Start of Given data

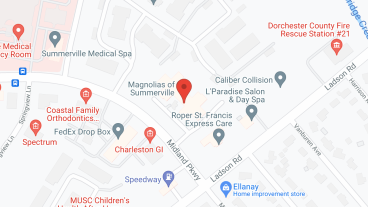 TerraBella Summerville in google map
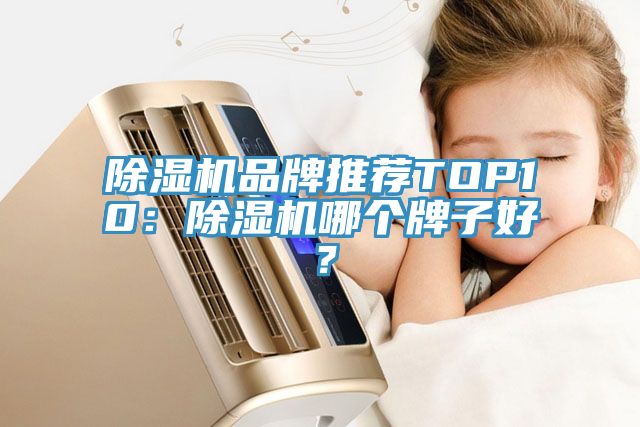 除濕機品牌推薦TOP10：除濕機哪個牌子好？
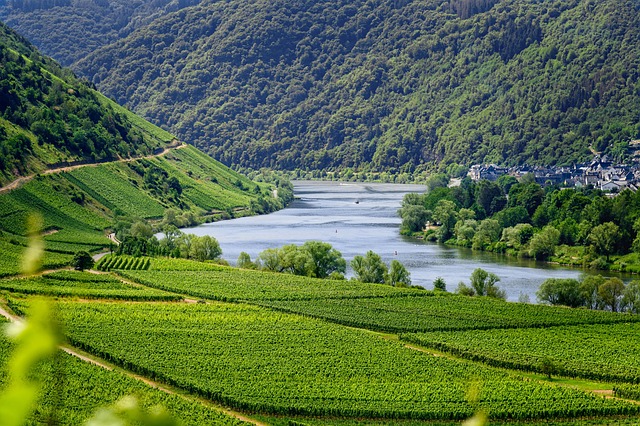 wine-tour-luxembourg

End of Given data

Copy out the material exactly as it stands, though no picture should appear in the copy.

 TerraBella Summerville in google map
 除濕機品牌推薦TOP10：除濕機哪個牌子好？
 wine-tour-luxembourg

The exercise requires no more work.